_DATASET RECORDS_.
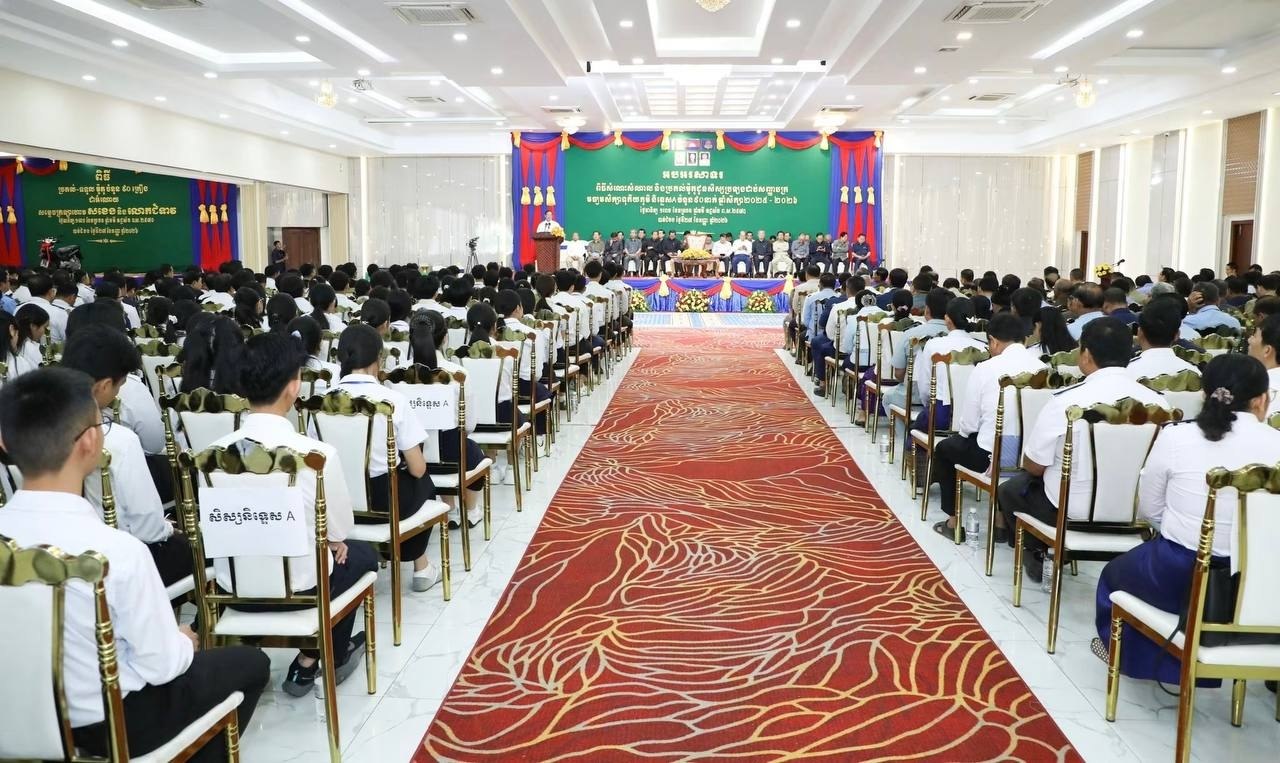 ក្រុមសមាជិកព្រឹទ្ធសភាប្រចាំភូមិភាគទី៤ អញ្ជើញចូលរួមក្នុងពិធីជួបសំណេះសំណាល និងចែករង្វាន់ម៉ូតូជូនសិស្សនិទ្ទេសA នៅខេត្តបាត់ដំបង
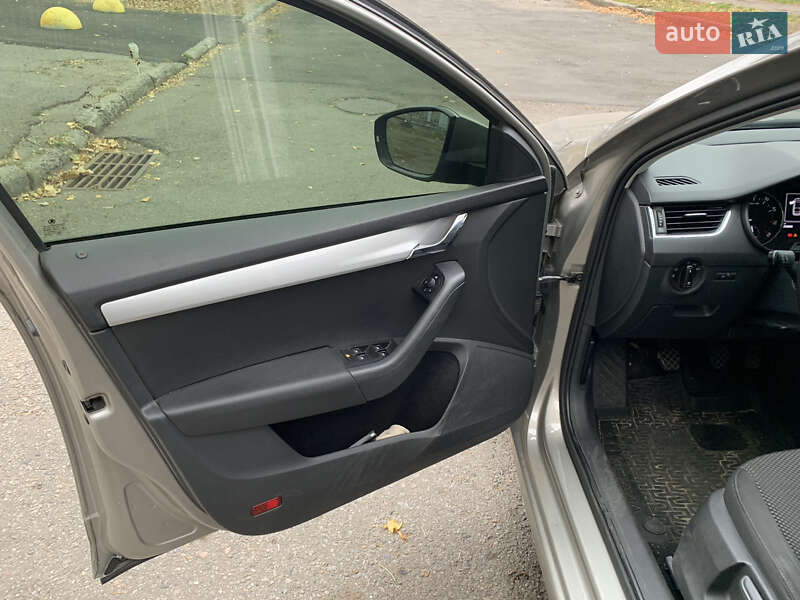 Лифтбек Skoda Octavia 2015 в Кременчуге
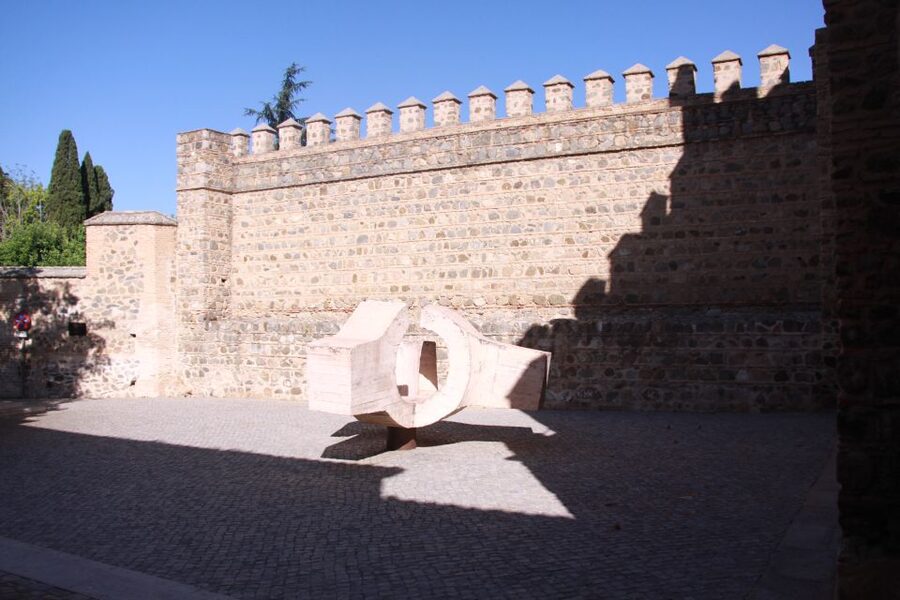 Madrid: Full-Day Guided Tour of Toledo with Cathedral Visit - Walking conditions and practical comfort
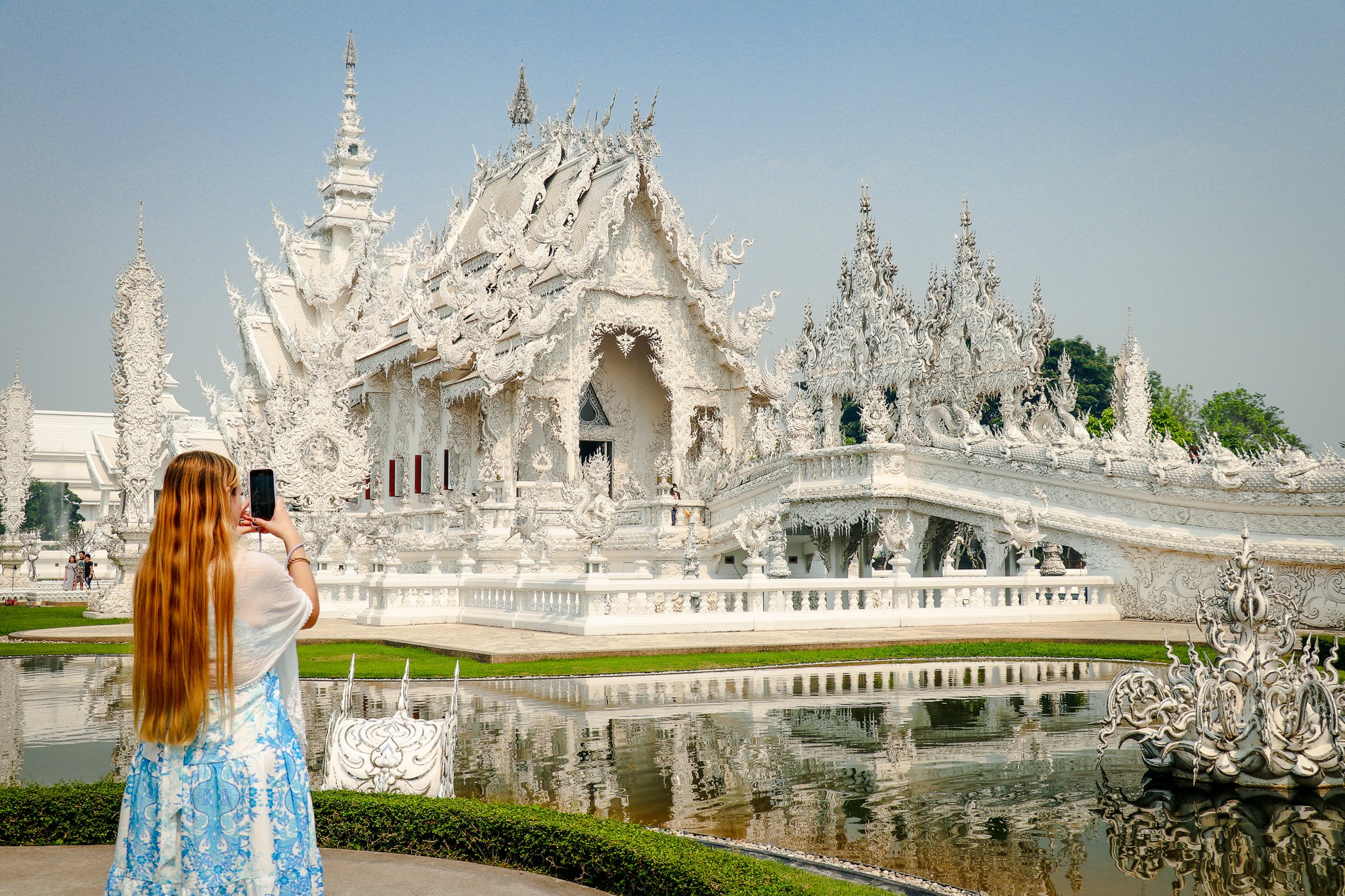 Chiang Rai Temple Discovery: White, Blue & Black House Day Trip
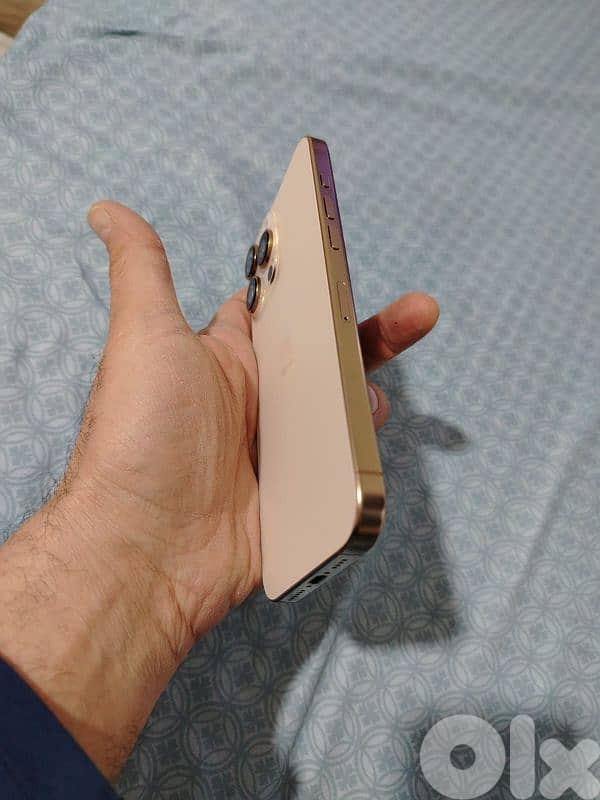 IPhone 16 pro max like new 1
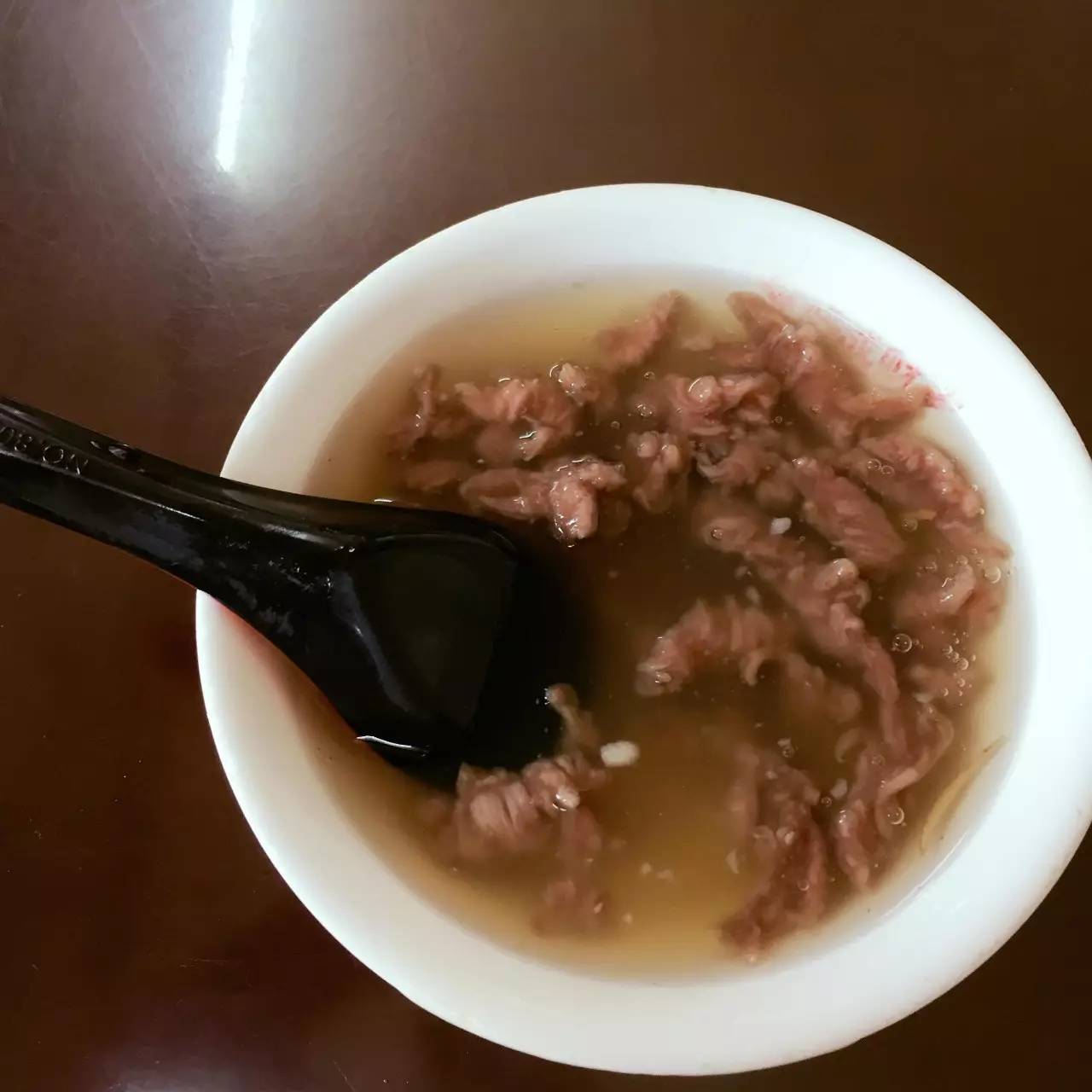 我要了一份牛排(15元),一份咸饭(3元)和一份牛肉羹(10元).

_WHAT YOU WILL DO_. Your reply should give again exactly the lines from the one with "IPhone 16 pro max like new 1" through the last line of the data, with both ends included and pictures left out.

_SOLUTION BELOW_.
 IPhone 16 pro max like new 1
 我要了一份牛排(15元),一份咸饭(3元)和一份牛肉羹(10元).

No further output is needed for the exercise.